I studied derivative of function ${f^{-1}}'(y)=\frac1{{f}'(x)}$
When I tried above proof , it needs continuity of inverse function
At this point , I have a question
$f$ is continuous on D , then what condition implies continuity of inverse? (on D or at $x$)
If $f$ is differentiable at $x$ then inverse function is continuous at $f(x)$?

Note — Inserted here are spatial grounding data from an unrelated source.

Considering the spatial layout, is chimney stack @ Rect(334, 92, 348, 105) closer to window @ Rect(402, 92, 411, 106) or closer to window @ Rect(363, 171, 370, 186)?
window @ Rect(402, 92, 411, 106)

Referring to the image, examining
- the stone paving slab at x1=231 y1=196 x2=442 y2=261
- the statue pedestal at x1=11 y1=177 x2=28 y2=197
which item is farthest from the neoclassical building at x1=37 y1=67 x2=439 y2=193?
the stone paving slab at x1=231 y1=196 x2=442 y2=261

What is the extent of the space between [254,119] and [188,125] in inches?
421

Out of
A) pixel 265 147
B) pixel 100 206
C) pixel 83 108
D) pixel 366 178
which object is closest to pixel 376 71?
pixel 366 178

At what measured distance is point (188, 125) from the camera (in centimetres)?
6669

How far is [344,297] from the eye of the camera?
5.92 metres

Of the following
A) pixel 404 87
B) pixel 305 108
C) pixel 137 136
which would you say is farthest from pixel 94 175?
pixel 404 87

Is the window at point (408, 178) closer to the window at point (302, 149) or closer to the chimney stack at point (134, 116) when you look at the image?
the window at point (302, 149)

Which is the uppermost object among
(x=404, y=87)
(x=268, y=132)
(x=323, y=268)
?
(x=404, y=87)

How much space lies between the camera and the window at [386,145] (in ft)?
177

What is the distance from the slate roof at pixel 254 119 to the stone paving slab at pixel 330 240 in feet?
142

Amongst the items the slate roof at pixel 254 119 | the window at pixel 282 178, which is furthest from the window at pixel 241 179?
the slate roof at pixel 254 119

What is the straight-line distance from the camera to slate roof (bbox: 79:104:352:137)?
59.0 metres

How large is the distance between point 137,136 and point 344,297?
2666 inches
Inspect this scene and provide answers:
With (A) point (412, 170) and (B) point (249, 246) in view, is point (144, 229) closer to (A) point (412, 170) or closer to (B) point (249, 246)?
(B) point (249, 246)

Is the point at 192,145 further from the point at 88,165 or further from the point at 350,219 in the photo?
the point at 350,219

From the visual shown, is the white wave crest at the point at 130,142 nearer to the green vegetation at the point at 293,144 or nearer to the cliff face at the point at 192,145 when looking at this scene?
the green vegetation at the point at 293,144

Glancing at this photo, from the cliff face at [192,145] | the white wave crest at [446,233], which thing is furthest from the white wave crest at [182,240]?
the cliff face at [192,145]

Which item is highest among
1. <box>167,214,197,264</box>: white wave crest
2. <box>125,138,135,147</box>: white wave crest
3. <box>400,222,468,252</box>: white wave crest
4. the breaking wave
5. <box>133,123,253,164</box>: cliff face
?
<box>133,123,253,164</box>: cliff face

(1) You know nothing about the continuity of the inverse function. For example the function $\displaystyle f(x)= \left\{\begin{matrix} x &, &x \in [0, 1] \\ & & \\ x-1& , & x \in (2, 3) \end{matrix}\right.$ is continuous whereas its inverse defined as
$$f^{-1}(x)= \left\{\begin{matrix} x &, &x \in (0, 1] \\ x+1&, & x \in (1, 2] \end{matrix}\right.$$
is not continuous. Of course if $f$ is continuous in a compact interval , that is an interval $[a, b]$ then , yes, the inverse function is also continuous. (It is a theorem)
Update: In order to answer the initial question , conditions that may impliy contiunity are:
1. A function $f$ is strictly monotonic and continuous on an interval $[a, b]$ then the inverse is continuous. This also holds if $[a, b]$ is replaced with a random $I \subseteq \mathbb{R}$.

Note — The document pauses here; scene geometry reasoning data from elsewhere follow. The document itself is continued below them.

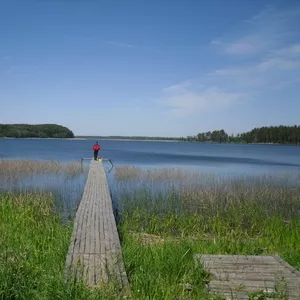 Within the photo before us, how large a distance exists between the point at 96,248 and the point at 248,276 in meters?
2.26

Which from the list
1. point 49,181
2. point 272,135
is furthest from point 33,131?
point 49,181

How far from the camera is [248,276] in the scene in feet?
15.8

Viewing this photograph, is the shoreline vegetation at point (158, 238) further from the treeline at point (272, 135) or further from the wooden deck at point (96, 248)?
the treeline at point (272, 135)

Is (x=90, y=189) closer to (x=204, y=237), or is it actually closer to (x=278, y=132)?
(x=204, y=237)

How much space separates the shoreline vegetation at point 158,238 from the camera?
12.7 feet

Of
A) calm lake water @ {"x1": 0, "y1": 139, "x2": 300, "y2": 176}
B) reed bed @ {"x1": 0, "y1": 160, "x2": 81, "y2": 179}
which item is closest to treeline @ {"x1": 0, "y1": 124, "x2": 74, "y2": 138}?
calm lake water @ {"x1": 0, "y1": 139, "x2": 300, "y2": 176}

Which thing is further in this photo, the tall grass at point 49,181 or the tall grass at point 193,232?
the tall grass at point 49,181

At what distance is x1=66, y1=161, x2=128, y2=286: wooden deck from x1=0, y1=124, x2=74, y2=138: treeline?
136 meters

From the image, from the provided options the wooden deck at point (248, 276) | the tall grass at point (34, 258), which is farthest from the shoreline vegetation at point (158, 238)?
the wooden deck at point (248, 276)

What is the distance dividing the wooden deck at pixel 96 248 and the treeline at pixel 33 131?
136 m

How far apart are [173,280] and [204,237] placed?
366 centimetres

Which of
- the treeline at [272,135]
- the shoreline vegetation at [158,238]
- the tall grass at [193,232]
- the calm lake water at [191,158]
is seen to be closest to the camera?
the shoreline vegetation at [158,238]

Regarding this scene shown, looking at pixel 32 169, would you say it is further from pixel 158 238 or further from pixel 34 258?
pixel 34 258

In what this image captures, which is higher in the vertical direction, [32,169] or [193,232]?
[32,169]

2. A function $f$ is defined on an open interval $I$ and there it is continuous and bijective , then the inverse is also continuous.
(2) Not necessarily. It holds that:
$$\left ( f^{-1}(y) \right )' = \frac{1}{f'(x)}$$
Ok, $f$ is differentiable but no-one can guarantee you that $f'$ is continuous. Therefore you cannot extract such a result. See my counter example above. (of course the theorem you proved holds under the assumption that $f'(x) \neq 0$.)

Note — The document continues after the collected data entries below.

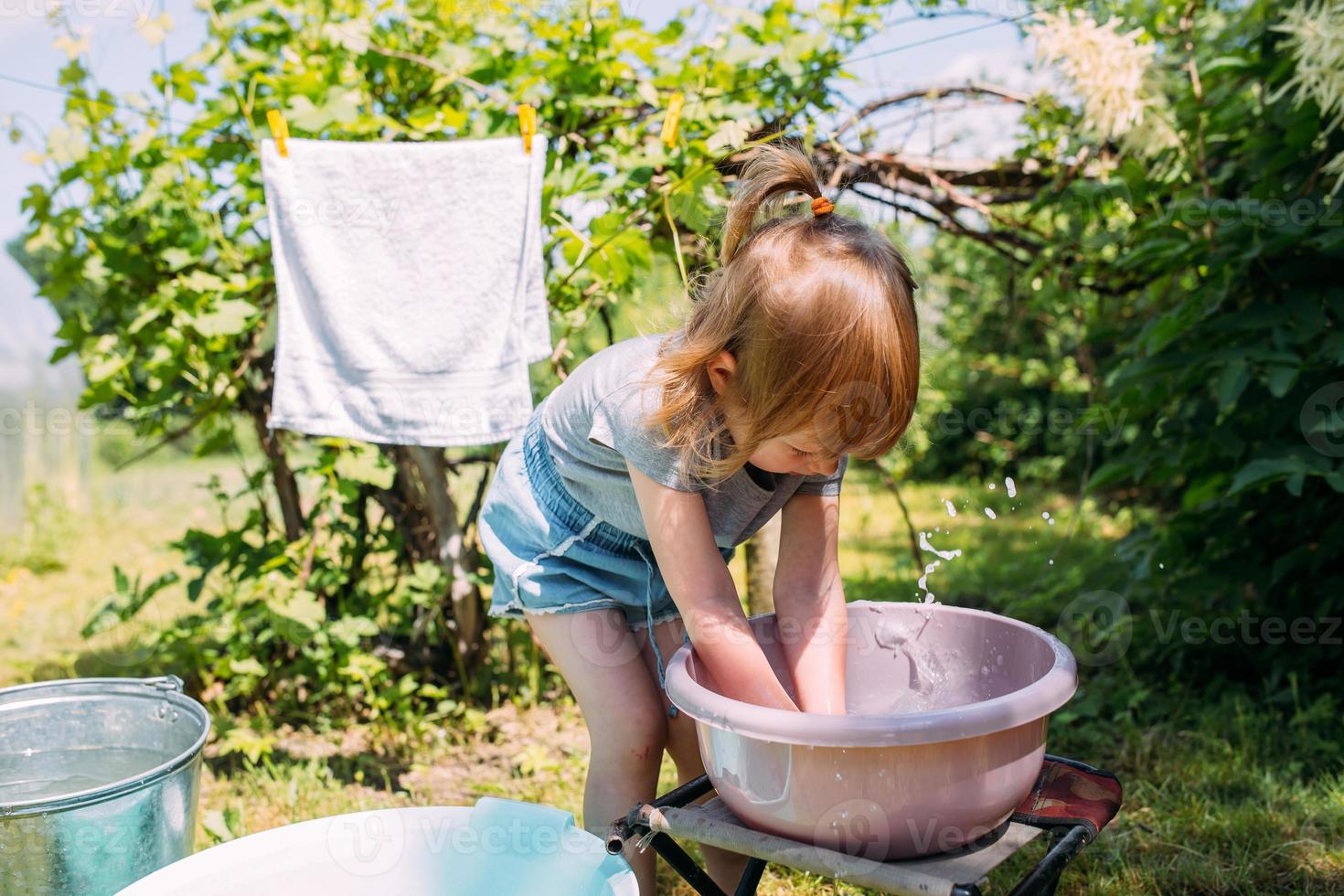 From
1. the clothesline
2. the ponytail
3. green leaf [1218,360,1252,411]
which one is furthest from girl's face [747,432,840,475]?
green leaf [1218,360,1252,411]

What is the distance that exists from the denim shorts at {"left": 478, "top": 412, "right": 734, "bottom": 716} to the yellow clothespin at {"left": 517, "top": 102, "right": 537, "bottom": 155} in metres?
0.78

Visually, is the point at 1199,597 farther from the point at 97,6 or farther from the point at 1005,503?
the point at 97,6

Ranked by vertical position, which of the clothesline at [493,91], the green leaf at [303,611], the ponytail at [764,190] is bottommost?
the green leaf at [303,611]

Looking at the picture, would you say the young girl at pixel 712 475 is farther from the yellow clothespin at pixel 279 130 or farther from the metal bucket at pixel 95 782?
the yellow clothespin at pixel 279 130

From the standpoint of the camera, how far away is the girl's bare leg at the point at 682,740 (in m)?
1.65

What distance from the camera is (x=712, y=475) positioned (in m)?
1.34

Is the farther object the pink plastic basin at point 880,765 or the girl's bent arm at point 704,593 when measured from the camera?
the girl's bent arm at point 704,593

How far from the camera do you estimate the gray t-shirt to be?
4.75 feet

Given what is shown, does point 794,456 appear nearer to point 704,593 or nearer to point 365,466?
point 704,593

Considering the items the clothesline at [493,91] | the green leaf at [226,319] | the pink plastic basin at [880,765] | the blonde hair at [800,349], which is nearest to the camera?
the pink plastic basin at [880,765]

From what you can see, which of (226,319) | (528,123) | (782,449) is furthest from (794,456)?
(226,319)

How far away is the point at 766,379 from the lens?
4.10 ft

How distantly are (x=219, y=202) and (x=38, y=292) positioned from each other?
1.86 ft

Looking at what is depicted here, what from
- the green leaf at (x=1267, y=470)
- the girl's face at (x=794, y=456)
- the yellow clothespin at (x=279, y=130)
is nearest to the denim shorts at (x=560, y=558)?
the girl's face at (x=794, y=456) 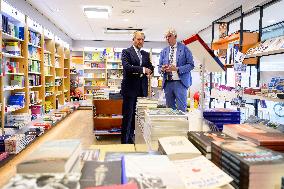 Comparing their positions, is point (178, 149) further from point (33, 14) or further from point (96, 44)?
point (96, 44)

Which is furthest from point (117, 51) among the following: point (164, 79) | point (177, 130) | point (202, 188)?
point (202, 188)

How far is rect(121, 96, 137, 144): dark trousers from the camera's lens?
411 cm

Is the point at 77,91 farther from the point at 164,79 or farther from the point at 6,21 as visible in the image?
the point at 164,79

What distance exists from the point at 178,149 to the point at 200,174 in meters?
0.24

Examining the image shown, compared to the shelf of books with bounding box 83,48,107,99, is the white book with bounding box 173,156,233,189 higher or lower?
lower

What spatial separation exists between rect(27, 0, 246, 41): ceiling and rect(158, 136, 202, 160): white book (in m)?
5.37

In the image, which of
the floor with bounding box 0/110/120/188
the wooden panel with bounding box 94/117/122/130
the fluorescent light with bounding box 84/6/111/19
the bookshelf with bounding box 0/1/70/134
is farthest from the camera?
the fluorescent light with bounding box 84/6/111/19

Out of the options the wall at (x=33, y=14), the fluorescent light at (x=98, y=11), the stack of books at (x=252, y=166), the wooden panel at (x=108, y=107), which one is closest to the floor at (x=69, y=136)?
the wooden panel at (x=108, y=107)

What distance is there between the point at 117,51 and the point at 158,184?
12.4 m

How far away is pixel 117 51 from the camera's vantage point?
13.0m

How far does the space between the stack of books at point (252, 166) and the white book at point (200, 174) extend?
0.17ft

If you suppose $f$ injective and if $f(U)$ is an open set for $U$ an open set, then the inverse function is continuous.
In order to have continuity of inverse you need continuity of the derivative.
I apologize. Although I read the question I wrote a wrong answer for the first part. Anyway, I leave the answer as it. If needed I can always update it.
– Tolaso Jul 09 '15 at 07:18